This is also just the first half of the G(c) perm: http://alg.cubing.net/?puzzle=3x3x3...=(y') R2' F2 R U2 R U2 R' F R U R' U' R' F R2
And then the last F is just a F2 and then inserting the pair


----------



## Daniel Lin (Jun 29, 2016)

*Day 6: *ZBLL Pi 50
y' R U R' F' R U R' U R U2 R' F U R U2 R'
*recognition: *A/O

This is [R U R' F':sune] sune

This alg can be inverted
ZBLL Pi 60
y R U2 R' U' F' R U2 R' U' R U' R' F R U' R'
*recognition: *C/C


----------



## Daniel Lin (Jul 2, 2016)

*Day 7: *ZBLL H 28
x' U' R U' R' U R' F2 R U' R U R' U x
*recognition: *C/OX

This is just [x' U' R U' R' U R':U2]. Algs like [R U' R2 D' r, U2] work the same way. You can use algs like these whenever it is a pure 4cycle of edge and corners, or if there are two pure 2cycles.


----------



## Daniel Lin (Jul 8, 2016)

*Day 8: *ZBLL L 54
R' U L U R' D R U2 R' D' R2 U L'
*recognition: *O/CX

This alg is a cyclic shift of two 3cycles. Notice how it look like a niklas with a comm inside.
[R' U L U':[U2, R' D R][R, U L' U']

This alg can be inverted
ZBLL L 53 
y L U' R2 D R U2 R' D' R U' L' U' R
*recognition: *C/OX


----------



## Daniel Lin (Jul 23, 2016)

whoops...kind of forgot about this thread lol

*Day 9: *ZBLL T 60
y R U R' U R U R2' D' r U2 r' D R2 U R'
*recognition: *C/C (square)

This alg is sune+standard COLL alg 

This alg can be inverted
ZBLL T 51
*recognition: *O/A
y R U' R2' D' r U2 r' D R2 U' R' U' R U' R'
this makes it COLL alg+antisune

or you could mirror the alg instead if you wanted to.


----------



## Daniel Lin (Aug 2, 2016)

*Day 10: *ZBLL T 43
y2 F R U R' U' R U' R' U' R U R' F'
*recognition: *oppX

Nice one I learned today.
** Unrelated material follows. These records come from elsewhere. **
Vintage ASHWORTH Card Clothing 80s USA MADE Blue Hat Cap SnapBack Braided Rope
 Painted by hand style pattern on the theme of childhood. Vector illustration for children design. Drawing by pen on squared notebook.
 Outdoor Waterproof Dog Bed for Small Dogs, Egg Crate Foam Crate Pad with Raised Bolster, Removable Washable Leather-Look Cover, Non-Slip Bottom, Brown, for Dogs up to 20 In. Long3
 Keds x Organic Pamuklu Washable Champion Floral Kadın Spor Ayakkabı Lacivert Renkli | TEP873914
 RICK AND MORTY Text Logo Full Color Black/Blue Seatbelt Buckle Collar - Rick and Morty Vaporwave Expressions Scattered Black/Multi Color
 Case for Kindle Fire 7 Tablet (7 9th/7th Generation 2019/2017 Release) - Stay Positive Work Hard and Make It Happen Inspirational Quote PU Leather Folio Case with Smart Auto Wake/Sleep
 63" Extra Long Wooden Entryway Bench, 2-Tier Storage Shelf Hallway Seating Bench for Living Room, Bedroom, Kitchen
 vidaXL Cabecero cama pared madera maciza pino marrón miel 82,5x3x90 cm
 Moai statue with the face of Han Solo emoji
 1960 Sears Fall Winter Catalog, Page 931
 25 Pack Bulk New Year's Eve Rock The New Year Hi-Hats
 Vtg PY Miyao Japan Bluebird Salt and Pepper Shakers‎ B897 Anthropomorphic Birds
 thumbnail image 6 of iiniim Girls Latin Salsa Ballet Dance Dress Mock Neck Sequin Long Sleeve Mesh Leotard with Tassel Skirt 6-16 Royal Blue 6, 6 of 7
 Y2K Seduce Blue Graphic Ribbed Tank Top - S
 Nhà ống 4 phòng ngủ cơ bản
Super easy triggers


----------



## Berd (Aug 2, 2016)

Daniel Lin said:


> *Day 10: *ZBLL T 43
> y2 F R U R' U' R U' R' U' R U R' F'
> *recognition: *oppX
> 
> Nice one I learned today. Super easy triggers


That isn't your COLL alg?


----------



## Daniel Lin (Aug 2, 2016)

*Day 11: *ZBLL T 41
y' l' U2 R' D2 R U2 R' D2 R2 x'
*recognition: *C/C(square in front right)



Berd said:


> That isn't your COLL alg?


This one from today is my standard COLL. Just a comm i use for 3style


----------



## Daniel Lin (Aug 5, 2016)

*Day 11: *ZBLL U 26
y2 z U' D' R2 D R2' U R' D' R U' R U R' D z'
*recognition: *A/C

this is a setup to a cool V perm.

You can also mirror it

ZBLL U 28
U D R2 D' R2 U' R D R' U R' U R D'
*recognition: *A/A


----------